What you can build now that you have walked the road
The point of an encyclopedia is not the encyclopedia. It is what you can do after reading it. Concretely: you can read a new database's architecture white paper and place it on the diagram in this chapter within ten minutes. You can pick a database for a workload using the polyglot decision tree of chapter 182. You can read a Postgres or RocksDB pull request and follow the change. You can sketch a sharded Raft cluster on a whiteboard during an interview. You can write a thirty-line append-only log, an in-memory hash index, an LSM-tree, a B-tree page splitter, a query parser, a Raft leader election, a CDC consumer, a vectorized scan operator — and you can do them in any language. That is what 186 chapters were for.
Where this leads next
There is no chapter 187. From here the road forks into the rest of your career.
- For the engineering track: keep Gray-Reuter, Kleppmann's Designing Data-Intensive Applications, and the Stonebraker-Pavlo surveys on a shelf you can reach. Read SIGMOD/VLDB/CIDR proceedings once a year.
- For the systems track: pick a database, read its source code end-to-end. SQLite is the gentlest. Postgres is the deepest. RocksDB is the cleanest LSM-tree codebase in the open. Materialize is the cleanest streaming-database codebase. Pick one; spend a year inside it.
- For the practitioner track: re-read running a database in production, polyglot persistence, and where this is all going. Those three are the everyday operating manual.
- For the curious reader: the next time a "revolutionary new database" announces itself on a Tuesday, open its architecture page and look for the log. It will be there. It always is.
You started in chapter 1 with a file you only added to. You finish in chapter 186 with the same file. Everything in between was layers. That is not a disappointment — that is the field. Welcome to it.
References
- Michael Stonebraker and Joseph M. Hellerstein, What Goes Around Comes Around (Readings in Database Systems, 4th ed., 2005) — the canonical survey of pre-2005 data-model history. The single most important essay for putting database fashion in perspective. redbook.io.
- Andy Pavlo and Michael Stonebraker, What Goes Around Comes Around… And Around (SIGMOD Record, 2024) — the sequel covering NoSQL, NewSQL, cloud, and streaming. Mandatory follow-on to the 2005 paper.
- Jay Kreps, The Log: What every software engineer should know about real-time data's unifying abstraction (LinkedIn Engineering, 2013) — the essay that re-centred the log as the universal database primitive. engineering.linkedin.com.

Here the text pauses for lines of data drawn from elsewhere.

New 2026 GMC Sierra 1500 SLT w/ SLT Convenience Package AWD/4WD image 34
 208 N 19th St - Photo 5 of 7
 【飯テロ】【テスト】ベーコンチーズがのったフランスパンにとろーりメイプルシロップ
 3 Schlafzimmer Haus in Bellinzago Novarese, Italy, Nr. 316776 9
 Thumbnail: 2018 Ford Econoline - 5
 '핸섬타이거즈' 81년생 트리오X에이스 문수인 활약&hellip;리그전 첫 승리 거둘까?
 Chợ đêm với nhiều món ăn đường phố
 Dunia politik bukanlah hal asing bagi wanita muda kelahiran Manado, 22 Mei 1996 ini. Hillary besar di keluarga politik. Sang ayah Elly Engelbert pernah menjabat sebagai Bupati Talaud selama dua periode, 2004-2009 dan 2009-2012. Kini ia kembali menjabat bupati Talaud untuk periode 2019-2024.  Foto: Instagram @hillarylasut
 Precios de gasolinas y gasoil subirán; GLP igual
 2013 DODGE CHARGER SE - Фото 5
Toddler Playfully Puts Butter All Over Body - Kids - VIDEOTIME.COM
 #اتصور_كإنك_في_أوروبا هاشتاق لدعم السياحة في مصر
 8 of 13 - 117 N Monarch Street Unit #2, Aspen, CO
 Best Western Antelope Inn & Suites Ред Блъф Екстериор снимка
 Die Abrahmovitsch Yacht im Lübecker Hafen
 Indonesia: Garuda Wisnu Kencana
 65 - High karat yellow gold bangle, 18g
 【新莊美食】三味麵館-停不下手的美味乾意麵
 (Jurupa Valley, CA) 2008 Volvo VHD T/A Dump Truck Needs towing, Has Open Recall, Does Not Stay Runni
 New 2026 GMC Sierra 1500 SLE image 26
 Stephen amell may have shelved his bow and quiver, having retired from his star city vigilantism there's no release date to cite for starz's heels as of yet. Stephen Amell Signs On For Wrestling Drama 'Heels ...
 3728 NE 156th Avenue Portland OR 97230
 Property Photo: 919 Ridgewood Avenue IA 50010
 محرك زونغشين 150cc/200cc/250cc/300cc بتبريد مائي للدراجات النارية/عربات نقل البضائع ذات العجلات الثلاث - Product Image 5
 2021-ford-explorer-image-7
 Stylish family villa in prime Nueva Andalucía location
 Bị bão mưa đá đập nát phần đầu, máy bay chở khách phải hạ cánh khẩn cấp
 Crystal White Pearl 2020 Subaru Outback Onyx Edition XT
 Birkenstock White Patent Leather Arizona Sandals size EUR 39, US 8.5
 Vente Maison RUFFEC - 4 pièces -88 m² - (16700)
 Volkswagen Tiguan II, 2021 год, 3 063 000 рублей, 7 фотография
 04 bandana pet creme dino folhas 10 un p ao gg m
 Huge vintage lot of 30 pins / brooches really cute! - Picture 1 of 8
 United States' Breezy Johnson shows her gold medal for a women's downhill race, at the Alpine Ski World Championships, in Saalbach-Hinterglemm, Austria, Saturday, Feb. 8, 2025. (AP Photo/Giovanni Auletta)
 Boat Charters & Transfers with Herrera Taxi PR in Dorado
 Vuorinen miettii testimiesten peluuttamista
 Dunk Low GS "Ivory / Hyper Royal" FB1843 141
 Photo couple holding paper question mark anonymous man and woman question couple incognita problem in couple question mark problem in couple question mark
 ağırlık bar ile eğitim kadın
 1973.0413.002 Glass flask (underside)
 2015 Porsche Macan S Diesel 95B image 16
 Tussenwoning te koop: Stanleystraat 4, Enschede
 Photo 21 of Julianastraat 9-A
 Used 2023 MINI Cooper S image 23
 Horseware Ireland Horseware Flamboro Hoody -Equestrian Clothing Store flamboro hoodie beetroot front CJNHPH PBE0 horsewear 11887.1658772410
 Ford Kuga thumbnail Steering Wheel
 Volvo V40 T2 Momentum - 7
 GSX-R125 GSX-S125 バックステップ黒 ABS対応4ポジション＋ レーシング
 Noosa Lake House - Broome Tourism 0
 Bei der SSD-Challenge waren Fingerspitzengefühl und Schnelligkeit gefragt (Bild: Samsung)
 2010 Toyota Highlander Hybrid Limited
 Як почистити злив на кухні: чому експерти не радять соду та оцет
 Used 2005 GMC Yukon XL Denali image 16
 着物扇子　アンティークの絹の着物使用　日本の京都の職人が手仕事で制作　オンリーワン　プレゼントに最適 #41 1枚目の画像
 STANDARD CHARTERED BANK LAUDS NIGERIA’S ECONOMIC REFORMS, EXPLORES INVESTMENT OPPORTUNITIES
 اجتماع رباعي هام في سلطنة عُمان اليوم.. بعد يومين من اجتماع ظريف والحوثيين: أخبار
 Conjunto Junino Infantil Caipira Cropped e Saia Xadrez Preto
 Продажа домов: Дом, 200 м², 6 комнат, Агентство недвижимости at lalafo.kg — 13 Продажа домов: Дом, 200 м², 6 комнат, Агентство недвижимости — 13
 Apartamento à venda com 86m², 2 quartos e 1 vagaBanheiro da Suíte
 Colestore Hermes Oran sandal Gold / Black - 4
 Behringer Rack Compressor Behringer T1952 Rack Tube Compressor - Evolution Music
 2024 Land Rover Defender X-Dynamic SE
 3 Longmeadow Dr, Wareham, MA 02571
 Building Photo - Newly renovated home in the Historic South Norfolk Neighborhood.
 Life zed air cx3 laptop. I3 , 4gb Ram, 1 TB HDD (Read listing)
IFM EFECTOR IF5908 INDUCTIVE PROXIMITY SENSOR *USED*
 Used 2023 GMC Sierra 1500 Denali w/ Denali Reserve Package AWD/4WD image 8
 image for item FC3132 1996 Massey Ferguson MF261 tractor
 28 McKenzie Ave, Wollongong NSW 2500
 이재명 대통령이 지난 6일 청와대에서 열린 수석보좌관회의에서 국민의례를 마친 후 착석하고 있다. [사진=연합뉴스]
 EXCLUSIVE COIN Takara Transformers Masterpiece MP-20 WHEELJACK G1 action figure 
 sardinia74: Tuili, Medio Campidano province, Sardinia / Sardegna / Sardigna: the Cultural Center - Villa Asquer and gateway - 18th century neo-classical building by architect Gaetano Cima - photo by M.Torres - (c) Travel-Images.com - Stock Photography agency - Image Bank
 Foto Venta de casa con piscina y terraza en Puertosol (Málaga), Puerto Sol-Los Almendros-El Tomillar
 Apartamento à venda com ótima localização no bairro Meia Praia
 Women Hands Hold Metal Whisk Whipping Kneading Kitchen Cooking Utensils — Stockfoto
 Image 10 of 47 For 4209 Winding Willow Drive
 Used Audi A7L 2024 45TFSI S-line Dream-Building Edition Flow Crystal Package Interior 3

- Jim Gray and Andreas Reuter, Transaction Processing: Concepts and Techniques (Morgan Kaufmann, 1992) — the bible of transactional databases. Still the reference work.
- Martin Kleppmann, Designing Data-Intensive Applications (O'Reilly, 2017) — the working engineer's modern compendium; the most-cited reference in this encyclopedia. dataintensive.net.
- James C. Corbett et al., Spanner: Google's Globally-Distributed Database (OSDI, 2012) — the paper that started the NewSQL wave. research.google.
- Benoit Dageville et al., The Snowflake Elastic Data Warehouse (SIGMOD, 2016) — the canonical compute/storage-separation paper.
- The append-only log — chapter 2 of this track — where the road began.